Maha Salem, Mercredi, 11 novembre 2020

Dr Ahmed Kamel Zohery, spécialiste des affaires des mouvements islamiques au CEPS, revient sur les récentes attaques en Europe et sur la tournée du ministre français de l’Intérieur en Afrique du Nord.

Al-Ahram Hebdo : Quel est l’objectif de la tournée du ministre français de l’Inté­rieur, Gérald Darmanin, en Afrique du Nord ?

Ahmed Kamel Zohery : Cette visite inter­vient quelques jours après les attaques qui ont visé la France et qui ont été menées par des djihadistes. Elle a pour but de protéger les intérêts français en premier lieu. Il y a certes les appels au boycott des produits français, mais surtout, le groupe terroriste Daech a publié un communiqué jeudi dernier appelant tout le monde à attaquer les Français et à com­mettre des actes de vengeance contre les insti­tutions françaises de par le monde. Et d’autres groupes terroristes peuvent faire la même chose. La vague de colère et de tension chez les musulmans autour des caricatures est une atmosphère propice aux terroristes. Ils en pro­fitent pour influencer et recruter davantage de djihadistes. La France est consciente de ce danger et tente d’éviter d’être la cible de nou­velles attaques.

— Quel genre de coopération est-il pos­sible avec les pays du Sud de la méditerra­née dans la question délicate du rapatrie­ment des djihadistes ?
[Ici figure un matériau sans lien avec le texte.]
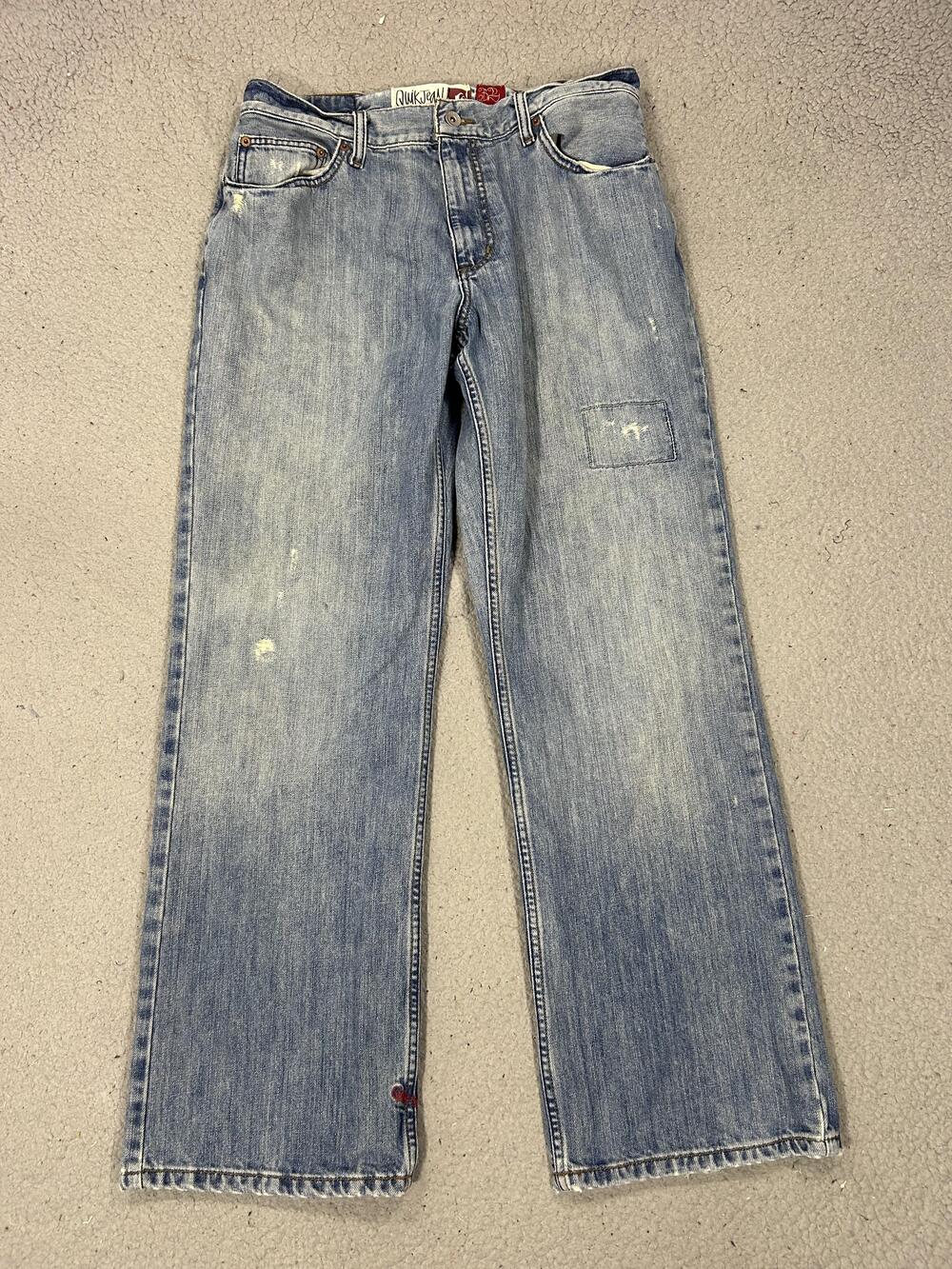 Vintage Y2K Quiksilver Jeans Mens 32 Light Wash Blue Relaxed Straight Distressed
— Le rapatriement des djihadistes doit être organisé selon des accords entre les différents pays. Cette tournée est sans doute consacrée à cela, à préparer les articles de ces accords. En effet, la France va aider économiquement ces pays, aussi, une coopération sécuritaire aura lieu avec eux. Par exemple, une aide de 10 millions d’euros a été accordée à la Tunisie à l’occasion de cette visite, afin de lui fournir des moyens supplémentaires pour surveiller ses frontières.

— Et qu’en est-il des mécanismes de la lutte antiterroriste en Europe, suite aux attaques qui ont eu lieu la semaine dernière en France et en Autriche ?
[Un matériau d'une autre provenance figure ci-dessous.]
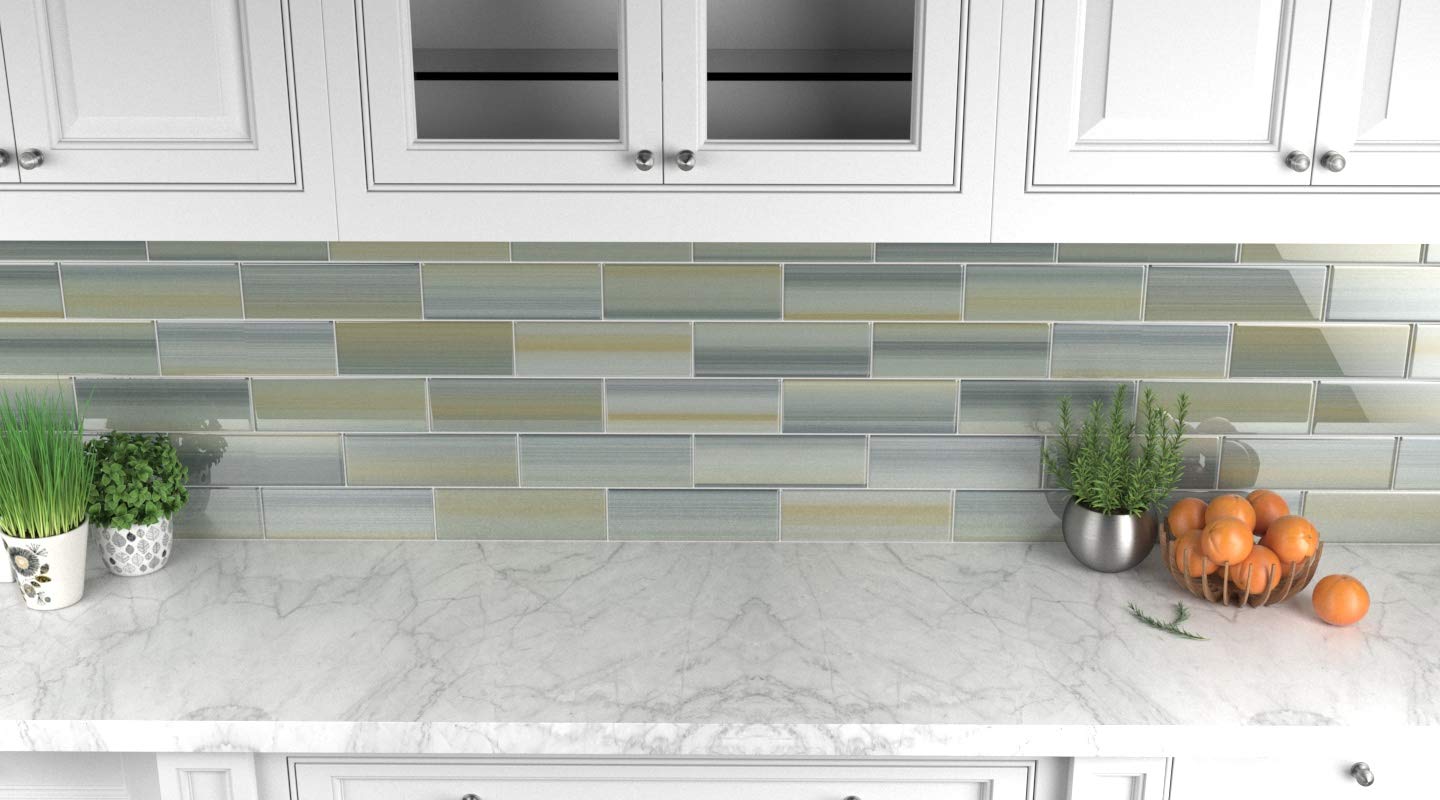 Bodesi Beach Hand Painted Glass Subway Tile - 4x12 Inch Coastal Blue Ceramic Wall Tile - Perfect for Kitchen Backsplash, Bathroom Shower, and Beach House Decor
— La majorité des pays européens ont rele­vé le niveau d’alerte terroriste après les atten­tats en France et en Autriche. Mais aucune décision concrète n’a été prise. En France, deux voies sont parallèlement adoptées. D’abord, sur le plan législatif, avec le projet de loi sur le séparatisme religieux. Mais ce projet de loi est critiqué par plusieurs parties au sein de la France. De l’autre côté, concrè­tement, les autorités françaises oeuvrent à lut­ter contre l’islam radical : par exemple, une mosquée et une association ont été fermées, accusées d’avoir des activités qui soutiennent le terrorisme. On s’attend aussi à ce que des mesures soient prises pour contrer l’entrée des illégaux et des djihadistes. Certains prédisent que la libre circulation prévue par les accords de Schengen soit remise en cause. Une fois de plus, l’immigration clandestine prendra la part du lion dans les prochaines rencontres européennes. Mais la France est aussi préoc­cupée par la défense de ses intérêts et de son influence au Moyen-Orient.
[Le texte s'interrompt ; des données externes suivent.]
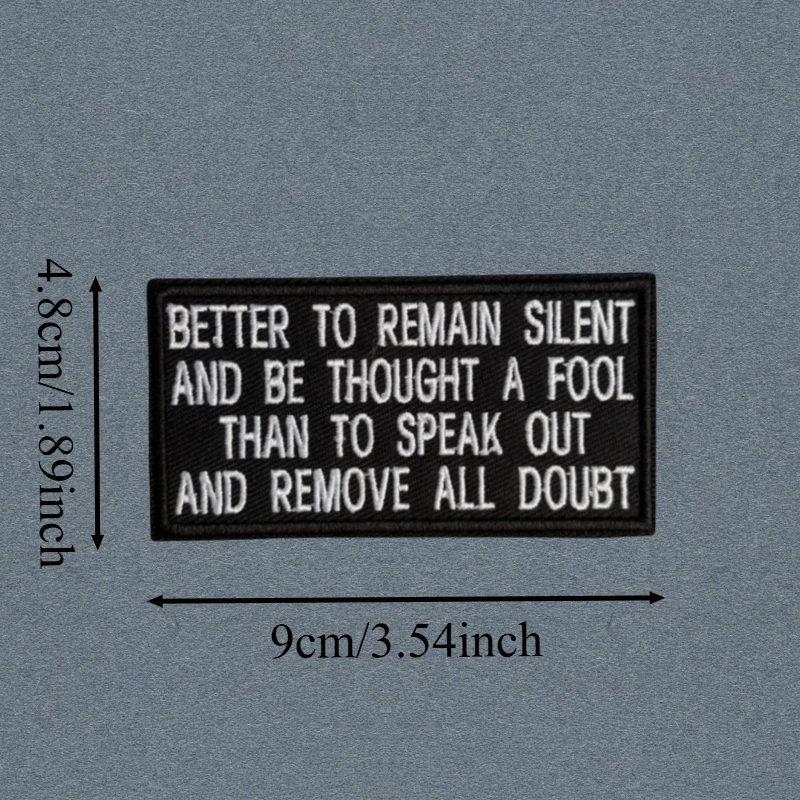 Better To Remain-parche bordado 3D silencioso, tira táctica con gancho y bucle, insignia de moral, pegatinas para mochila, parches para brazalete para ropa - imagen 3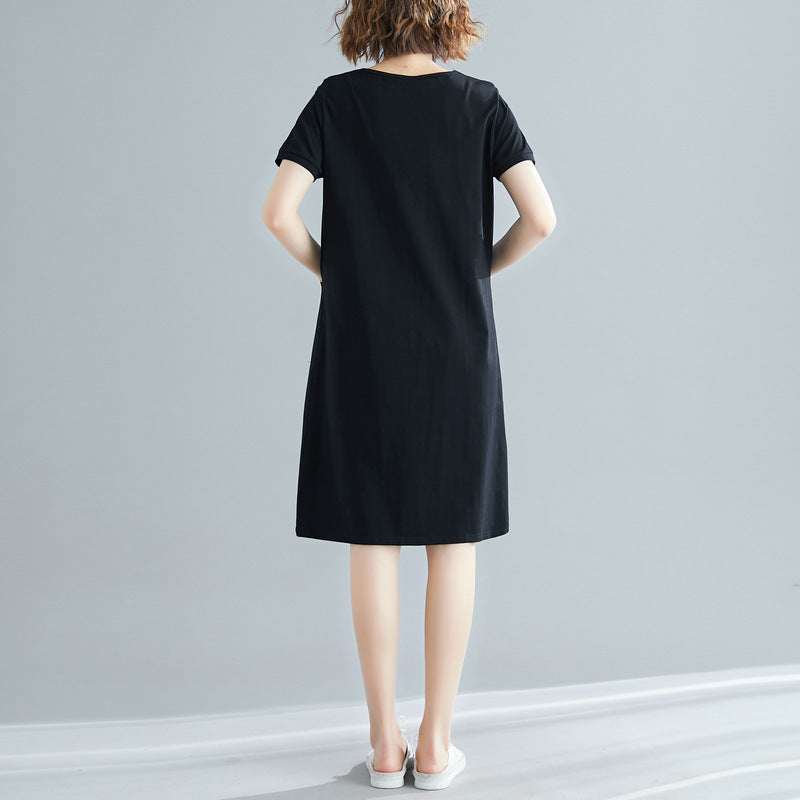 Plus Size Women's Summer Loose Korean Style Mid-Length Dress T Shirt and Skirt for Plus Size mm Solid Color V Collared Slimming Short Sleeve Dress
— Plus généralement, comment renfor­cer la lutte antiterroriste, en Europe ou ailleurs ?

— Il faut admettre que malgré toutes les précautions et les mesures qui peuvent être prises dans la lutte antiterroriste de par le monde, le risque zéro n’existe pas. L’effort fourni contribue à diminuer le nombre d’at­taques et à limiter les dégâts. En Europe, il est important d’oeuvrer à intégrer les immigrés et les réfugiés pour qu’ils ne soient pas recrutés par des groupes terroristes. Il est vrai que le droit international interdit de renvoyer les réfugiés vers des pays en guerre, comme la Syrie, le Yémen ou la Libye, mais les centres de détention administrative où sont placés les étrangers en situation irrégulière, en attente de leur expulsion, sont insuffisants et incapables de régler cette question. En fait, la lutte anti­terroriste passe aussi par le développement, il ne s’agit pas que de solutions sécuritaires.